Options available to all runners
The format of each item in this document is:
- mrjob_conf_option_name (--command-line-option-name)
- Description of option behavior
Options that take multiple values can be passed multiple times on the command
line. All options can be passed as keyword arguments to the runner if
initialized programmatically.
Making files available to tasks
Most jobs have dependencies of some sort - Python packages, Debian packages,
data files, etc. This section covers options available to all runners that
mrjob uses to upload files to your job’s execution environments.
- bootstrap_mrjob (--bootstrap-mrjob, --no-bootstrap-mrjob)
- Should we automatically tar up the mrjob library and install it when we run
job? Set this to False if you’ve already installed mrjob on your
Hadoop cluster or install it by some other method.
- upload_files (--file)
Files to copy to the local directory of the mr_job script when it runs.
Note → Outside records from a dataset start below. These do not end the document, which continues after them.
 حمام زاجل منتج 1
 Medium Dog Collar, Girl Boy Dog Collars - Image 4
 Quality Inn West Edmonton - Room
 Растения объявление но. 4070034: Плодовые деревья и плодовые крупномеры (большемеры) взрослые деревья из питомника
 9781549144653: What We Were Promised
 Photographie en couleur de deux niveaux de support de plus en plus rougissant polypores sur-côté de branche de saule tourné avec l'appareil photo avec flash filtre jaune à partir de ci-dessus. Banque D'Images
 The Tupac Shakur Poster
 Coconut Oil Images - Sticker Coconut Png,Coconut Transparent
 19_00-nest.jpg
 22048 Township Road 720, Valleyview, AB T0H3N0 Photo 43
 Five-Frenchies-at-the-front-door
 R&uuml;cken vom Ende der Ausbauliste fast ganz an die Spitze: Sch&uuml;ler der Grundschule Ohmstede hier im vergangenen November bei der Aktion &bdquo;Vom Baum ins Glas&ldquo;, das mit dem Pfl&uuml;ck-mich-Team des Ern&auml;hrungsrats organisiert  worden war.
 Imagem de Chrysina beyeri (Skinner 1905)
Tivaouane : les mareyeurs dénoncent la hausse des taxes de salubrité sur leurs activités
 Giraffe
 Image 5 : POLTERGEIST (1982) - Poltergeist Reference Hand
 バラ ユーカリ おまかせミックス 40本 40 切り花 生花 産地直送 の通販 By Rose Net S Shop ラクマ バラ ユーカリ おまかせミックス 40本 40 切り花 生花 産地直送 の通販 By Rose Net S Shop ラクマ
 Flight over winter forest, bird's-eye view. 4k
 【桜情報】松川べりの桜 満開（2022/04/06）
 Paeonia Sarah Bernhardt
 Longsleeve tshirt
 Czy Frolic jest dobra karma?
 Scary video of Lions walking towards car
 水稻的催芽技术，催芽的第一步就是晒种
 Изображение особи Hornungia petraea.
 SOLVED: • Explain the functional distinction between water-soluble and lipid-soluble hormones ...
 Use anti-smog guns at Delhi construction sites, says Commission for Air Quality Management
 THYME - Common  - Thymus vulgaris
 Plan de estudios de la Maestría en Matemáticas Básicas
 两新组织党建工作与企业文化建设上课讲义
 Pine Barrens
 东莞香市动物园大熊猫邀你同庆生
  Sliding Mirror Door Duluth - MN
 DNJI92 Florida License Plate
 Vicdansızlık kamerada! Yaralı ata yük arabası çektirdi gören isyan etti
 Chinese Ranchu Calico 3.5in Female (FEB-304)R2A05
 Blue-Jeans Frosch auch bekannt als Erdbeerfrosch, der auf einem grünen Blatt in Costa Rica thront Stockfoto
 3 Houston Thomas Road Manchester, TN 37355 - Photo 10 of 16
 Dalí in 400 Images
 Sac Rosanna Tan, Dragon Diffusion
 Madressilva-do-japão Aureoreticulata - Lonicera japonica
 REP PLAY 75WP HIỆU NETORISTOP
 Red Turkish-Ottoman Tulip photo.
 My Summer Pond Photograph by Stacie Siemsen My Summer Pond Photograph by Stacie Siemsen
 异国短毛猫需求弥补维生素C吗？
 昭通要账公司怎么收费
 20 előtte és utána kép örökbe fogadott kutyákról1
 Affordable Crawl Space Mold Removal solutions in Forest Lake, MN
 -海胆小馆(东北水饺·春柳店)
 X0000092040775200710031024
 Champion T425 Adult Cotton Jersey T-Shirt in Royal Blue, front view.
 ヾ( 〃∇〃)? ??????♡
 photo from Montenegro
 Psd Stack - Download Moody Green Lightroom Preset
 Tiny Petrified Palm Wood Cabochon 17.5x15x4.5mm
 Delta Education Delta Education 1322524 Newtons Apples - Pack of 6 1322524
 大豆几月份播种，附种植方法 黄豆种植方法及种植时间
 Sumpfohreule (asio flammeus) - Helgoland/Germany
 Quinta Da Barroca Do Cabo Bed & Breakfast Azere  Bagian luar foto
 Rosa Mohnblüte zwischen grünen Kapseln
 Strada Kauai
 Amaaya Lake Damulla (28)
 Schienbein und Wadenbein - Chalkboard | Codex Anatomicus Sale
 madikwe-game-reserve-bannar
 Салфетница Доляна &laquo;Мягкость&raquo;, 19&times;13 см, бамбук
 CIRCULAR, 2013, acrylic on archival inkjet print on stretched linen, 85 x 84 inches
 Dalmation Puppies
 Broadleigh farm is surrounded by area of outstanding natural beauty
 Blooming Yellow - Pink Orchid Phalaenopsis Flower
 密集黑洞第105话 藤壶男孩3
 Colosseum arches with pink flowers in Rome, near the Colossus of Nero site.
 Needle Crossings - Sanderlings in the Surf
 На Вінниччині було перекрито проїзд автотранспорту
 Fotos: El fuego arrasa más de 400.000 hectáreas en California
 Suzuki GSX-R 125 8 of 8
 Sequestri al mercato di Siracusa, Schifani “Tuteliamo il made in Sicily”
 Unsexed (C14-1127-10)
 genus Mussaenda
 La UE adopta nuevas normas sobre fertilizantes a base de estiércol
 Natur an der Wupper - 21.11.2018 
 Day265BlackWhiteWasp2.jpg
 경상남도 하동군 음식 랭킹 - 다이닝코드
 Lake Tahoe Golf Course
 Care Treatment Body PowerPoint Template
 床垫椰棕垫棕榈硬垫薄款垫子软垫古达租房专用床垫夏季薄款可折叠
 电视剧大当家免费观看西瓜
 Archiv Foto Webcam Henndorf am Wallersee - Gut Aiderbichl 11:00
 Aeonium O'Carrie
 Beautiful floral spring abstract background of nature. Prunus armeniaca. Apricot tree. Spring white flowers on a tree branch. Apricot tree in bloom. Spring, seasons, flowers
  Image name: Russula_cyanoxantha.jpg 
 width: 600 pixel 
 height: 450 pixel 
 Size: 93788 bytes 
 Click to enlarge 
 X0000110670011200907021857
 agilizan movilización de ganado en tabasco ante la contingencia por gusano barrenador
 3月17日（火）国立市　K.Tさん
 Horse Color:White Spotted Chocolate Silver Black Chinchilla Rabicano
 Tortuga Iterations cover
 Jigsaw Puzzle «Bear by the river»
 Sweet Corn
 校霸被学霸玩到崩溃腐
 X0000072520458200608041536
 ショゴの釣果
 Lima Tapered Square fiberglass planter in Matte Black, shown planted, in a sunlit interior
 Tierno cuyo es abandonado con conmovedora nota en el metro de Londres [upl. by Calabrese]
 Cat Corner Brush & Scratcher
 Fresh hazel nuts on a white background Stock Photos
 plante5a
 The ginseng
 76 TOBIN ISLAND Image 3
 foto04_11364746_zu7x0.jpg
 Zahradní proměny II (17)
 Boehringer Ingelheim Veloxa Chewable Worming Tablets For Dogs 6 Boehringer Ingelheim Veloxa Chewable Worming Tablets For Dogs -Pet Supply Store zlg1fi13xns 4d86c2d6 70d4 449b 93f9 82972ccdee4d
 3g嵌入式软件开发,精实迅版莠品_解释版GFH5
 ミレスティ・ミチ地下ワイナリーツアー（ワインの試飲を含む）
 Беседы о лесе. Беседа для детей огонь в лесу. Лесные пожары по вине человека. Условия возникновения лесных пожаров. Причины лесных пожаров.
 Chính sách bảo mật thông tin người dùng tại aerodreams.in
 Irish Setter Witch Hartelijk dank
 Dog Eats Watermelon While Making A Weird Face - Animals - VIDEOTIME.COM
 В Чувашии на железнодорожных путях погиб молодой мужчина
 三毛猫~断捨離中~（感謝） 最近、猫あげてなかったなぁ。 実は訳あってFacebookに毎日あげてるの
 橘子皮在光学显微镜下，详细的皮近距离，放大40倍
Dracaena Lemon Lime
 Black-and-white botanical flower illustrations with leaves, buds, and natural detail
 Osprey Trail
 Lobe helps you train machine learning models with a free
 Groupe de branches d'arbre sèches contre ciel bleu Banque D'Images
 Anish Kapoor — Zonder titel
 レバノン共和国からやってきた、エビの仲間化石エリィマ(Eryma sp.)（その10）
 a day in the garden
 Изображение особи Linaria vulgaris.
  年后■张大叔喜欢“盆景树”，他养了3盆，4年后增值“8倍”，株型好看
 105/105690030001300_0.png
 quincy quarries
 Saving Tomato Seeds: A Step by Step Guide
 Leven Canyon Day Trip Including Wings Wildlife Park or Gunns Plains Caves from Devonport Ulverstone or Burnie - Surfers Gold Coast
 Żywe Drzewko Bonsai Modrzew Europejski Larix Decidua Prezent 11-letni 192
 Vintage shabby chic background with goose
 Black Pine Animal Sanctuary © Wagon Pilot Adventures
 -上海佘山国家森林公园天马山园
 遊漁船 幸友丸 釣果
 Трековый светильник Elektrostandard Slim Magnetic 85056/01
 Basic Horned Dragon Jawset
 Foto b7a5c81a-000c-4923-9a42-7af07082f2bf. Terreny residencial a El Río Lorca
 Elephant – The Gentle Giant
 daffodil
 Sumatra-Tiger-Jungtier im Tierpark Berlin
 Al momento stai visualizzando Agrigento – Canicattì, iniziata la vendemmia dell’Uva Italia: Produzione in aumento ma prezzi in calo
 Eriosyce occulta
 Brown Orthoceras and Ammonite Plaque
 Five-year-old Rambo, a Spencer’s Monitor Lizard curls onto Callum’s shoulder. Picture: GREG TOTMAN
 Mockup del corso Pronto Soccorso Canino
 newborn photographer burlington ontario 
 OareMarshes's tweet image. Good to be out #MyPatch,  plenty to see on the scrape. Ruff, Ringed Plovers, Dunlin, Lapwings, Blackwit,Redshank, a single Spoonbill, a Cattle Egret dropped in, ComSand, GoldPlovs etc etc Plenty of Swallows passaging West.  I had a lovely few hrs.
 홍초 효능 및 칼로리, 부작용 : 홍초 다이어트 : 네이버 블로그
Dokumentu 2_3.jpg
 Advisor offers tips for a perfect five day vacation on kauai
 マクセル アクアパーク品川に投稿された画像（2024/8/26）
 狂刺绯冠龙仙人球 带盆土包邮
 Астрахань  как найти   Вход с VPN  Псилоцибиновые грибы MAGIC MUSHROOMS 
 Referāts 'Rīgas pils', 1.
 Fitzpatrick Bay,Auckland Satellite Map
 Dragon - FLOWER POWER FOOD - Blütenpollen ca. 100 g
You
can set the local name of the dir we unpack into by appending
#localname to the path; otherwise we just use the name of the file.
In the config file:
upload_files:
- file_1.txt
- file_2.sqlite
On the command line:
--file file_1.txt --file file_2.sqlite
upload_archives (--archive)
A list of archives (e.g. tarballs) to unpack in the local directory of the
mr_job script when it runs. You can set the local name of the dir we unpack
into by appending #localname to the path; otherwise we just use the
name of the archive file (e.g. foo.tar.gz is unpacked to the directory
foo.tar.gz/, and foo.tar.gz#stuff is unpacked to the directory
stuff/).
- python_archives (--python-archive)
- Same as upload_archives, except they get added to the job’s
PYTHONPATH.
Temp files and cleanup
- base_tmp_dir (--base-tmp-dir)
- Path to put local temp dirs inside. By default we just call
tempfile.gettempdir()
- cleanup (--cleanup)
List of which kinds of directories to delete when a job succeeds. Valid
choices are:
- 'ALL': delete local scratch, remote scratch, and logs; stop job flow
if on EMR and the job is not done when cleanup is run.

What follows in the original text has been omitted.